Yesterday saw the fifth session on my back tattoo with Jo and the transformation is already taking my breath away every time I look at it. Jo has taken on the mammoth task of covering old, existing work on my skin and the result is already *not enough adjectives to adequately describe how I feel*.

I spend my long drive back from Somerset each month feeling obviously very reflective about this tattoo journey and how it will transform me physically and mentally. More to come on that (with much better photos) at a later date.

I’ve learnt a lot about myself over the last few months. At the top of that list is the glaring truth that after ten years of getting tattooed, I’m not even half as tough as I thought I was physically. I love our sessions, but love to get back to vegetating in the comfort of my own home after each session.

As the full moon transforms tonight’s winter sky, I want to dance naked beneath it – my raw skin pounding and dirt beneath my claws. Yet, I’m not partaking in such affairs. I’m lounging on the couch, doing absolutely nothing, moaning about my aching limbs and being fed by my considerate boyfriend.

Perhaps I’m a seal after all.

 

 

 

 

 

thinking about perfection

Perfection

The last few years have been a real journey for me in terms of writing.

In 2014, I decided to scratch a life-long ‘writing itch’ by starting a blog (called ‘Inkluded’). Three years later, the site reached the awesome milestone of 1 million hits and went on to win its first industry award. Now, a few months later, after taking a mini blogging break, I have come to the conclusion that the blog will close permanently in 2018.

As a digital marketer and huge tattoo enthusiast, I had very high standards for my blogging endeavours from day one. Creating a brand that people could connect with and find online was super important, as well as positioning the website as a source of reliability in the industry. Trustworthy companies grown from individual passions are few and far between in the tattoo world and I wanted my blog to fill that gap.

The next few years were a complete blast. I was dedicated to my blog more than anything else in my life. I gave every penny in my pocket and inch of my skin to immersing myself in the tattoo world. I made some amazing friends and memories and collected an incredible collection of permanent artworks that I cherish every day and will cherish forever.
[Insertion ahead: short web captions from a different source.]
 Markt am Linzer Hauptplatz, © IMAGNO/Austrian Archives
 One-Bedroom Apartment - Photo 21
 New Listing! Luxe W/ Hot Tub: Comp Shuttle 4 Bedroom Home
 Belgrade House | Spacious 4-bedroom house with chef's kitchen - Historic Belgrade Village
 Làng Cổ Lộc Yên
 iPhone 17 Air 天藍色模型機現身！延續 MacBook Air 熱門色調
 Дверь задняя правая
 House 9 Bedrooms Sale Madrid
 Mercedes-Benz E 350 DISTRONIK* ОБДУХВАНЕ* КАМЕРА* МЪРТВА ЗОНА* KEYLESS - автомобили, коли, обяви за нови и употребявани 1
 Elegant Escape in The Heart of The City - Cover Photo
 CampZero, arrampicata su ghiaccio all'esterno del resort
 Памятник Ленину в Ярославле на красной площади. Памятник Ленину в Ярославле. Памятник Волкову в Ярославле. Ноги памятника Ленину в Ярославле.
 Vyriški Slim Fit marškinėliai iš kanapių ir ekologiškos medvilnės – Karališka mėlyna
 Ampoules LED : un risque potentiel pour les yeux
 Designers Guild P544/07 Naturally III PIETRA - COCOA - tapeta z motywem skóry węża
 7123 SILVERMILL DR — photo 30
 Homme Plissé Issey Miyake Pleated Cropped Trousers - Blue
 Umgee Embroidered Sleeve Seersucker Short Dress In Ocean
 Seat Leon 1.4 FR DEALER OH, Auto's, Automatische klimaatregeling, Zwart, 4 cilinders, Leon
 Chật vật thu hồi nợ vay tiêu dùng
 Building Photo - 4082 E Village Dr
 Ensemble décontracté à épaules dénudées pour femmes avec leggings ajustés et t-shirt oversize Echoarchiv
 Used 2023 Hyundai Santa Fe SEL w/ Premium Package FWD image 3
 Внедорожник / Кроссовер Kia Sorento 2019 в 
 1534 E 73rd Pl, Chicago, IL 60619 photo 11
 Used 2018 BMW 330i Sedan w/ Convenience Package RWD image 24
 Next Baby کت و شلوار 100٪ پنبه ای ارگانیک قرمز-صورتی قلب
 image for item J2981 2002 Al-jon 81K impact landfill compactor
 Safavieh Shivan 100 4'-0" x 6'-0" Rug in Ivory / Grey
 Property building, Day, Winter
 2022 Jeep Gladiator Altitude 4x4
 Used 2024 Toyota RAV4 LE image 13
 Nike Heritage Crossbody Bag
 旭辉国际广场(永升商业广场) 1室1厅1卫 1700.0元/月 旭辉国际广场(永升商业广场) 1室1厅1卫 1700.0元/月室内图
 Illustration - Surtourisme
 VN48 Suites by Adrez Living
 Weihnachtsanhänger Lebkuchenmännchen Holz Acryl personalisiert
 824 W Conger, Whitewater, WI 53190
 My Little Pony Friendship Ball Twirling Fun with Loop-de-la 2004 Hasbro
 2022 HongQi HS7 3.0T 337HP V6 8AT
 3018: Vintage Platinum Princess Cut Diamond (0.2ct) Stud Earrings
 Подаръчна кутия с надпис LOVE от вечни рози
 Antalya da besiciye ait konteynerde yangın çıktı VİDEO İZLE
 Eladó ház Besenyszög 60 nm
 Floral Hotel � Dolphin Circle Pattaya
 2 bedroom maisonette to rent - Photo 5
Many other bloggers out there will understand what I mean when I say that – a blog can start to have a mind of its own. I was very proud to have created something from scratch that people enjoyed accessing, but that also meant that there became no room at all for imperfection. When a blog becomes influential, there’s a pressure on the owner to get it right. As I’d set such high standards for myself and my brand, I was unable to deal with any inevitable negative comments about the site itself, my writing style, my opinions or my community.

I created my brand with an initial aim for it to become the responsible parent, or best friend, of the tattoo industry. A brand that could support and represent the unbelievably talented and passionate tattoo community of the UK. But often, my responsibility would fail. At busy times, I couldn’t keep up with the site and the understandable needs of its followers.

Sometimes, my passionate and quickly-written editorial (much like this!) would be written from the heart, rather than from the head. Packed with emotion and expletives it would sit uneasily amongst other more formal and informative blog entries. My philosophical ramblings didn’t give the brand that responsible status that the readers desired and deserved. Most importantly, like many other perfectionist bloggers, I would beat myself up about these things.

That perfectionist – she kept me awake at night. How could I have more thoroughly fact-checked an aftercare article? How could I better manage the uncontrollable inbox of press releases and editorial requests? Should the tone of the blog be neutral, or represent me as a collector? Could it ever do both? Could I get through my ‘Tattooists I Want To Interview’ list (which still sits at 179 people, and growing)? How could I give all of these incredibly talented and selfless artists the coverage they so deserved?

For months, I made changes to attempt to answer these questions: new strategies, new brand visions, new logos, new social handles. But I never reached a happy solution.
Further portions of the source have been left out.